■ Given records ■
········

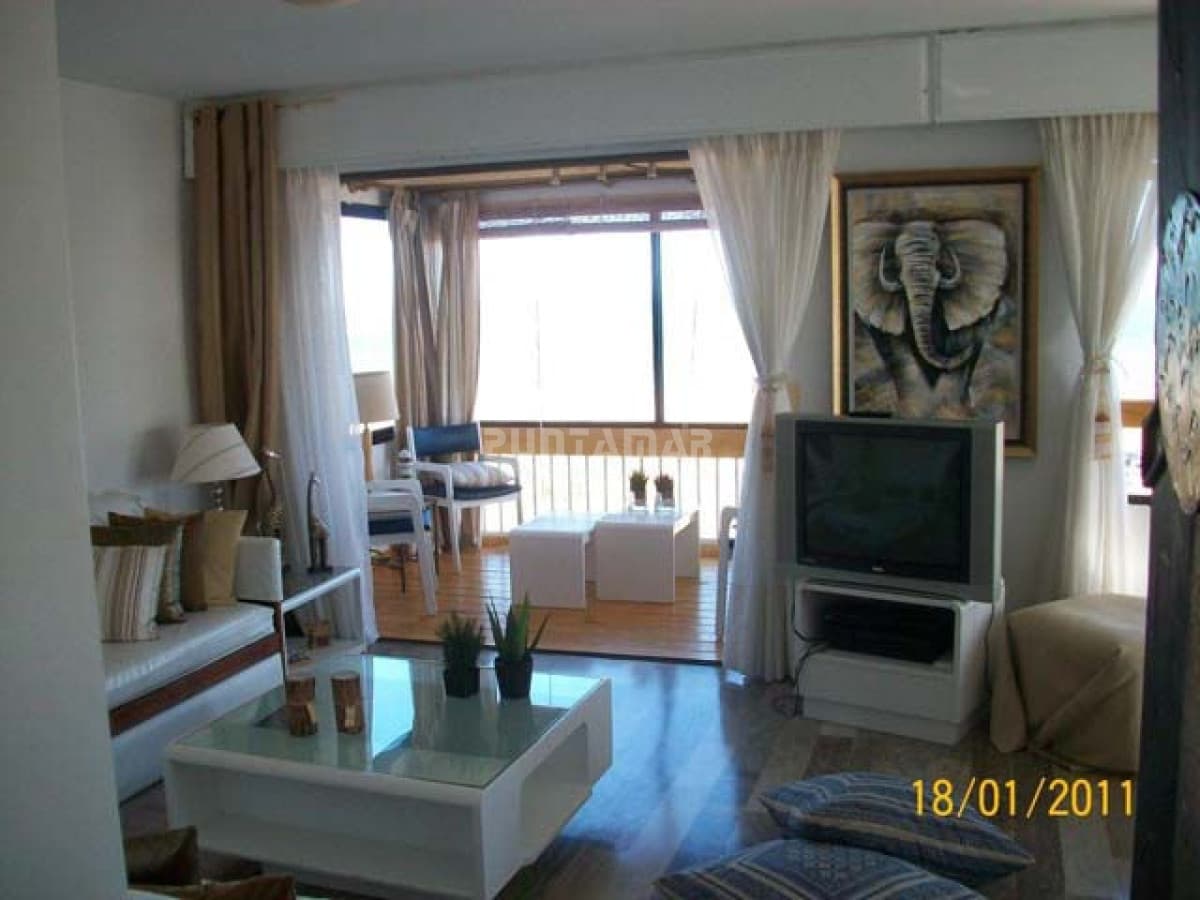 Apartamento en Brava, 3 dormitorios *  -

········

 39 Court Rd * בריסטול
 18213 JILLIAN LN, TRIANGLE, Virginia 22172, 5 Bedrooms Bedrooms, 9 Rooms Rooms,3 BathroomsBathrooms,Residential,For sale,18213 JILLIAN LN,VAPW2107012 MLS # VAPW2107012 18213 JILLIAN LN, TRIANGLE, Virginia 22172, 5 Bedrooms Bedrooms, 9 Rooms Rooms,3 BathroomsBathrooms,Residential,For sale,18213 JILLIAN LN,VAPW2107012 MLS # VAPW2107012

········

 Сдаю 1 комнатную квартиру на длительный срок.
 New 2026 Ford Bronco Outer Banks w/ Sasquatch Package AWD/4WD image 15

········

■ Exercise directions ■
Go back to the listing above. Copy word for word the lines from the one with "39 Court Rd * בריסטול" through the one with "# VAPW2107012 18213", and nothing more.

■ Solution ■
 39 Court Rd * בריסטול
 18213 JILLIAN LN, TRIANGLE, Virginia 22172, 5 Bedrooms Bedrooms, 9 Rooms Rooms,3 BathroomsBathrooms,Residential,For sale,18213 JILLIAN LN,VAPW2107012 MLS # VAPW2107012 18213 JILLIAN LN, TRIANGLE, Virginia 22172, 5 Bedrooms Bedrooms, 9 Rooms Rooms,3 BathroomsBathrooms,Residential,For sale,18213 JILLIAN LN,VAPW2107012 MLS # VAPW2107012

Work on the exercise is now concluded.